[Records from a data source]
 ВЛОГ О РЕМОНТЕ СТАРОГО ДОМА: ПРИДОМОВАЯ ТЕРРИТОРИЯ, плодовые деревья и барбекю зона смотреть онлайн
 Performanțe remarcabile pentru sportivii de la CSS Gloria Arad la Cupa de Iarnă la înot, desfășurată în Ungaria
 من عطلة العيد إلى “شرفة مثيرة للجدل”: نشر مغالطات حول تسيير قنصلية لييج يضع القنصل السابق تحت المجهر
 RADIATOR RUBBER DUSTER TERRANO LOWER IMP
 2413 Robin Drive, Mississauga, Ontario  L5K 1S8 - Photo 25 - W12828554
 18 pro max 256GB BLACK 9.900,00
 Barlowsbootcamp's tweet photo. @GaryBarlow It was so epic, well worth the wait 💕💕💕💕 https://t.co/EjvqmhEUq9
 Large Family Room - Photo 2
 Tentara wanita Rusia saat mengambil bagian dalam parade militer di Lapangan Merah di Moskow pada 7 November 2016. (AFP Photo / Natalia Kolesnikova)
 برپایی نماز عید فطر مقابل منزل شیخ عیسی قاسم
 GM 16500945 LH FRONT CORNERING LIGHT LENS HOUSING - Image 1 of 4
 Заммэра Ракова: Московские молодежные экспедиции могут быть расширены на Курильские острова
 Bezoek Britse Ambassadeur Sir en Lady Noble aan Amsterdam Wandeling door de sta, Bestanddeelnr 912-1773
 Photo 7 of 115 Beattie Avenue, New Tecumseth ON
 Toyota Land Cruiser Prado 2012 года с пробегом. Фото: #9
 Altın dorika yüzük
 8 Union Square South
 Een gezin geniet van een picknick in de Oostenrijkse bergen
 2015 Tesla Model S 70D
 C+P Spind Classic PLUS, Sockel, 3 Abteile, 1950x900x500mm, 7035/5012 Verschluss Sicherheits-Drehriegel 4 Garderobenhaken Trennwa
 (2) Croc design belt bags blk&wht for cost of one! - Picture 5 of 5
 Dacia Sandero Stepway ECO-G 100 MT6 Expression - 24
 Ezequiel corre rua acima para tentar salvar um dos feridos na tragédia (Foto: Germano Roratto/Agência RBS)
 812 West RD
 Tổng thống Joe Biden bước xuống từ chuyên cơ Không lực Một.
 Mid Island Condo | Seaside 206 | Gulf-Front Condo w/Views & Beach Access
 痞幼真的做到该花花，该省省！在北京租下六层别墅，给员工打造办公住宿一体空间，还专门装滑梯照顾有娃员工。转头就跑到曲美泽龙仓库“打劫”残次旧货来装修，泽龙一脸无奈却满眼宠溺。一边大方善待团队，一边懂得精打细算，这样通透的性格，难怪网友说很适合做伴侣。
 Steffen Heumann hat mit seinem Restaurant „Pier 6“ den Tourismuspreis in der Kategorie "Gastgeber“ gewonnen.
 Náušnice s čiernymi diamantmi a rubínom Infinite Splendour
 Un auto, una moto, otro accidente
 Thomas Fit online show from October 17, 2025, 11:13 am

### Goal of the exercise
Exactly as written, give the records again.

### Answer to the exercise
 ВЛОГ О РЕМОНТЕ СТАРОГО ДОМА: ПРИДОМОВАЯ ТЕРРИТОРИЯ, плодовые деревья и барбекю зона смотреть онлайн
 Performanțe remarcabile pentru sportivii de la CSS Gloria Arad la Cupa de Iarnă la înot, desfășurată în Ungaria
 من عطلة العيد إلى “شرفة مثيرة للجدل”: نشر مغالطات حول تسيير قنصلية لييج يضع القنصل السابق تحت المجهر
 RADIATOR RUBBER DUSTER TERRANO LOWER IMP
 2413 Robin Drive, Mississauga, Ontario  L5K 1S8 - Photo 25 - W12828554
 18 pro max 256GB BLACK 9.900,00
 Barlowsbootcamp's tweet photo. @GaryBarlow It was so epic, well worth the wait 💕💕💕💕 https://t.co/EjvqmhEUq9
 Large Family Room - Photo 2
 Tentara wanita Rusia saat mengambil bagian dalam parade militer di Lapangan Merah di Moskow pada 7 November 2016. (AFP Photo / Natalia Kolesnikova)
 برپایی نماز عید فطر مقابل منزل شیخ عیسی قاسم
 GM 16500945 LH FRONT CORNERING LIGHT LENS HOUSING - Image 1 of 4
 Заммэра Ракова: Московские молодежные экспедиции могут быть расширены на Курильские острова
 Bezoek Britse Ambassadeur Sir en Lady Noble aan Amsterdam Wandeling door de sta, Bestanddeelnr 912-1773
 Photo 7 of 115 Beattie Avenue, New Tecumseth ON
 Toyota Land Cruiser Prado 2012 года с пробегом. Фото: #9
 Altın dorika yüzük
 8 Union Square South
 Een gezin geniet van een picknick in de Oostenrijkse bergen
 2015 Tesla Model S 70D
 C+P Spind Classic PLUS, Sockel, 3 Abteile, 1950x900x500mm, 7035/5012 Verschluss Sicherheits-Drehriegel 4 Garderobenhaken Trennwa
 (2) Croc design belt bags blk&wht for cost of one! - Picture 5 of 5
 Dacia Sandero Stepway ECO-G 100 MT6 Expression - 24
 Ezequiel corre rua acima para tentar salvar um dos feridos na tragédia (Foto: Germano Roratto/Agência RBS)
 812 West RD
 Tổng thống Joe Biden bước xuống từ chuyên cơ Không lực Một.
 Mid Island Condo | Seaside 206 | Gulf-Front Condo w/Views & Beach Access
 痞幼真的做到该花花，该省省！在北京租下六层别墅，给员工打造办公住宿一体空间，还专门装滑梯照顾有娃员工。转头就跑到曲美泽龙仓库“打劫”残次旧货来装修，泽龙一脸无奈却满眼宠溺。一边大方善待团队，一边懂得精打细算，这样通透的性格，难怪网友说很适合做伴侣。
 Steffen Heumann hat mit seinem Restaurant „Pier 6“ den Tourismuspreis in der Kategorie "Gastgeber“ gewonnen.
 Náušnice s čiernymi diamantmi a rubínom Infinite Splendour
 Un auto, una moto, otro accidente
 Thomas Fit online show from October 17, 2025, 11:13 am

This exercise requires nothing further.